Gentest zum Nachweis der Muskeldystrophie beim Golden Retriever (GRMD)

Muskeldystrophie beim Golden Retriever (GRMD)

Die Muskeldystrophie beim Golden Retriever (GRMD) ist eine unwillkürliche, progressiv verlaufende Erkrankung, die X-chromosomal rezessiv vererbt wird. Es handelt sich dabei um das Homolog zur Duchenne-Muskeldystrophie beim Menschen. Betroffene Hunde weisen erhöhte Serum-Kreatinkinase-Werte, Muskelatrophie mit Krämpfen, Fibrosen und Kardiomyopathie auf.

Warum ist es sinnvoll auf Muskeldystrophie zu testen?

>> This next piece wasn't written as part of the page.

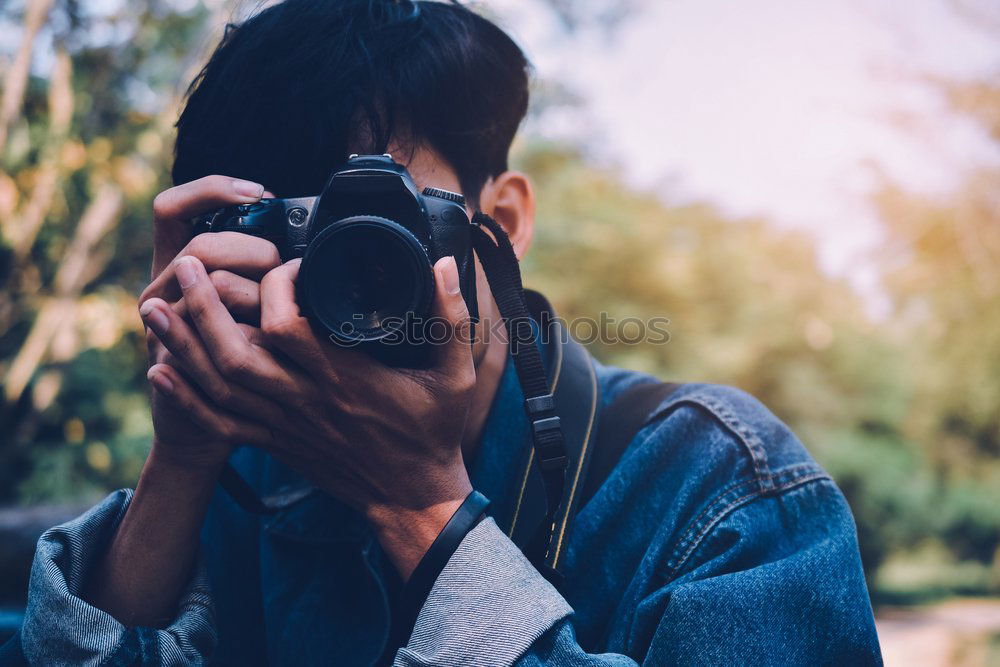 Similar – Photographer aiming with vintage camera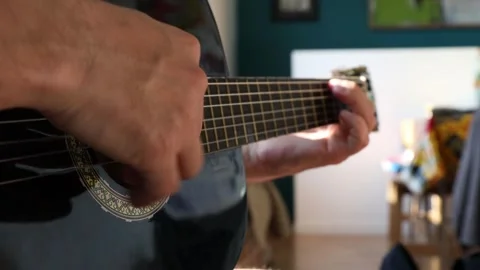 The man plays the guitar. Close-up. Stock Footage 244877813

Durch die X-chromosomal rezessive Vererbung kann es durch Verpaarungen gesunder Tiere auch zur Geburt kranker Tiere kommen. Die männlichen Nachkommen weiblicher Anlageträger beispielsweise werden immer unter dieser Erkrankung leiden. Gerade durch eine Zucht mit klinisch unauffälligen Anlageträgern wird das betroffene Gen unbemerkt in der Population weiterverbreitet und das Risiko von auftretenden Erkrankungen stark erhöht. Durch gezielte Verpaarungen kann Dieses Risiko jedoch umgangen werden und das Gen aus der Population eliminiert werden.